Optional: allowedChars can be set to overwrite default settings.
# The default object allows all characters.
# True
fasta_object(">valid", "Ä'_**?.asdLLA").valid()
# Only if stype is specified, valid can check for illegal characters.
# True
fasta_object(">valid", "ACGTUAGTGU", stype="NA").valid()
# False, as W is not allows for DNA/RNA
fasta_object(">invalid", "ACWYUOTGU", stype="NA").valid()
# True
fasta_object(">valid", "AGGATTA", stype="ANY").valid(allowedChars = "AGTC")
# True, as stype is ignored if allowedChars is set.
fasta_object(">valid", "WYU", stype="DNA").valid(allowedChars = "WYU")
fasta_object(...).toAmino(translation_dict)
Translates the body to an amino-acid sequence. See tranlate_seq()
for more details.
fo.toAmino()
print(fo.body) # Will return RPSIFF
d = {"CCG": "Z", "CTT": "A" ...}
fo.toAmino(d)
print(fo.body) # Will return ZA...
fasta_object(...).toRevComp(complement_dict)
Converts the body to its reverse comlement. See reverse_comp()
for more details.
fo.toRevComp()
print(fo.body) # Will return GAAGAAGATAGAAGGCCG
Reading FASTA files
read()
is a fasta reader which is able to handle compressed and non-compressed files.
Following compressions are supported: zip, tar, tar.gz, gz. If multiple files are stored inside an archive, all files are read.
This function returns a list of fasta_objects.
The entries are usually casted to upper case letters. Set read("path.fasta", upper=False)
to disable casting.
fos = mf.read("dolphin.fasta") # List of fasta entries.
fos = mf.read("mouse.fasta", upper=False) # The entries won't be casted to upper case.
fos = mf.read("reads.tar.gz") # Is able to handle compressed files.
Writing FASTA files
write()
is a basic fasta reader.
It takes a single or a list of fasta_objects and writes it to the given path.
The file is usually overwritten. Set write(fo, "path.fasta", mode="a")
to append file.
fos = mf.read("dolphin.fasta") # List of fasta entries
mf.write(fos, "new.fasta")
Sequence translation
translate_seq()
translates a sequence starting at position 0.

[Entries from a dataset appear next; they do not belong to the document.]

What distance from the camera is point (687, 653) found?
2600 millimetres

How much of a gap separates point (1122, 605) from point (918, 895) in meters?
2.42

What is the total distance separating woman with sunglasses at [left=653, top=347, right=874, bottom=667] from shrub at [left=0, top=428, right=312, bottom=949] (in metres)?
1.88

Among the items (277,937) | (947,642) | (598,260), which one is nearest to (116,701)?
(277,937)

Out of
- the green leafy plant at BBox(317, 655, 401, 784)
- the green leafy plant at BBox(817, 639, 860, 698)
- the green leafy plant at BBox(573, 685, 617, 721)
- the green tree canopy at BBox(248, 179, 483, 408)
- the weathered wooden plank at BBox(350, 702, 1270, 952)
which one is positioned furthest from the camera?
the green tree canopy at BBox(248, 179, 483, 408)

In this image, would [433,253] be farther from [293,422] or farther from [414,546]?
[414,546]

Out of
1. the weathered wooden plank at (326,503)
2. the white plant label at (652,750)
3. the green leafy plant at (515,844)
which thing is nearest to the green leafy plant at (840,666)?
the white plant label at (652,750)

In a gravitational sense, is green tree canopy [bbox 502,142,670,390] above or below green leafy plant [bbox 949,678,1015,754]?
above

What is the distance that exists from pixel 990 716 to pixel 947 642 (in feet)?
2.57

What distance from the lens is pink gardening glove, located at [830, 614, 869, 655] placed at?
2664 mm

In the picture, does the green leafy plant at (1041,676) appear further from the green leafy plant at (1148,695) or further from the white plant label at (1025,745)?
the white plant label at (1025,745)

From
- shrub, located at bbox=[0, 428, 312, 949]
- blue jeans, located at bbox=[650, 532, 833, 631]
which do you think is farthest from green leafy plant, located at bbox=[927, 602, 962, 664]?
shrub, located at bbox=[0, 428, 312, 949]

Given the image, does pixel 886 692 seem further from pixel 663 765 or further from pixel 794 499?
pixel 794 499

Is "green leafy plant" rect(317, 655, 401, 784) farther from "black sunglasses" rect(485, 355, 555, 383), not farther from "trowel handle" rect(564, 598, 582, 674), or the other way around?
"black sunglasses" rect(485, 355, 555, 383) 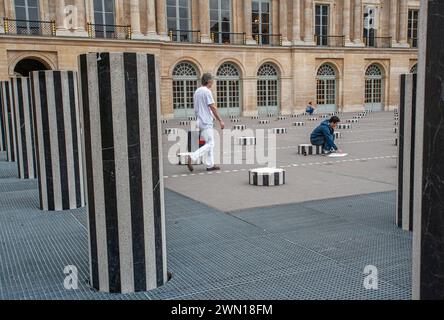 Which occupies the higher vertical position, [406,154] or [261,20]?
[261,20]

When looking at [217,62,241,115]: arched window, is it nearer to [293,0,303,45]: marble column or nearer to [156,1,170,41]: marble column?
[156,1,170,41]: marble column

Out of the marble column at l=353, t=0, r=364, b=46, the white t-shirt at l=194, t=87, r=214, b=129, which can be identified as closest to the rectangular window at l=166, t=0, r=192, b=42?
the marble column at l=353, t=0, r=364, b=46

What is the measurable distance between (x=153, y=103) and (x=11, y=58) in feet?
90.6

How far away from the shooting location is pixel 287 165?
10.6m

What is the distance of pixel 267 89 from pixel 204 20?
7.26 m

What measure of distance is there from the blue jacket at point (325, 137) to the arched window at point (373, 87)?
31.2 m

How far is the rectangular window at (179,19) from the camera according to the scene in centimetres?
3434

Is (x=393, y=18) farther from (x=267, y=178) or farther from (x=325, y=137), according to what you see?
(x=267, y=178)

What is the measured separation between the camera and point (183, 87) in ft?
113

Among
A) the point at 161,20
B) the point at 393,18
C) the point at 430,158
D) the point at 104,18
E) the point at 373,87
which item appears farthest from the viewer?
the point at 373,87

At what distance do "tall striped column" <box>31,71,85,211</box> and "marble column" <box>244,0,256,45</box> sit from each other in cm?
3121

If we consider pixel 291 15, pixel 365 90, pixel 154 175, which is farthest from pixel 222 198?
pixel 365 90

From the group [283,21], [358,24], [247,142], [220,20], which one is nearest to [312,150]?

Unless translation_dict is provided, the standart bacterial code is used. If the codon was not found, it will be replaced by an ~
. Tailing bases that do not fit into a codon will be ignored.

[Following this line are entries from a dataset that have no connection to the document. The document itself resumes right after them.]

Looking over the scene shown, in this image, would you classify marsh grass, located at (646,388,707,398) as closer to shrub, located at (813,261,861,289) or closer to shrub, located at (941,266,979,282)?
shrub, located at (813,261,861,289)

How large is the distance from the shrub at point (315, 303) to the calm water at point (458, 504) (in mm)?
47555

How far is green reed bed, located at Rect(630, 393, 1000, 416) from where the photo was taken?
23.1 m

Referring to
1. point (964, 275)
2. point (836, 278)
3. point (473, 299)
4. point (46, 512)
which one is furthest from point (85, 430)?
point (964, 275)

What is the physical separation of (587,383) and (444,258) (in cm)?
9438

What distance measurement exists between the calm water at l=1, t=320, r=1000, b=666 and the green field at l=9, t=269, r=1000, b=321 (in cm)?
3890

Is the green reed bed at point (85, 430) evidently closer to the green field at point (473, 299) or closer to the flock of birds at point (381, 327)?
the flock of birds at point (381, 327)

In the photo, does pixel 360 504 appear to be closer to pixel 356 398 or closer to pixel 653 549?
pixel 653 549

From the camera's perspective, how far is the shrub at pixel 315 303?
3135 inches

mf.translate_seq("CGGCCTTCTATCTTCTTC") # Will return RPSIFF
d = {"CGG": "Z", "CTT": "A"}
mf.translate_seq("CGGCTT", d) # Will return ZA.
Reverse Complement
reverse_comp()
converts a sequence to its reverse comlement.

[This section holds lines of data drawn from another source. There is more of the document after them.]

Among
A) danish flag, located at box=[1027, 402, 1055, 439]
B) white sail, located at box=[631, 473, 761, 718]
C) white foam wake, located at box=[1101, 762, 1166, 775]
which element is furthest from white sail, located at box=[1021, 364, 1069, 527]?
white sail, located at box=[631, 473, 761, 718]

Unless complement_dict is provided, the standart complement is used. If no complement was found, the nucleotide remains unchanged.
mf.reverse_comp("CGGCCTTCTATCTTCTTC") # Will return GAAGAAGATAGAAGGCCG
d = {"C": "Z", "T": "Y"}
mf.reverse_comp("TC", d) # Will return ZY
License
Copyright (C) 2021 by Jules Kreuer - @not_a_feature
This piece of software is published unter the GNU General Public License v3.0
TLDR:
| Permissions | Conditions | Limitations |
| ---------------- | ---------------------------- | ----------- |
| ✓ Commercial use | Disclose source | ✕ Liability |
| ✓ Distribution | License and copyright notice | ✕ Warranty |
| ✓ Modification | Same license | |
| ✓ Patent use | State changes | |
| ✓ Private use | | |
Go to LICENSE.md to see the full version.
Dependencies
In addition to packages included in Python 3, this piece of software uses 3rd-party software packages for development purposes that are not required in the published version. Go to DEPENDENCIES.md to see all dependencies and licenses.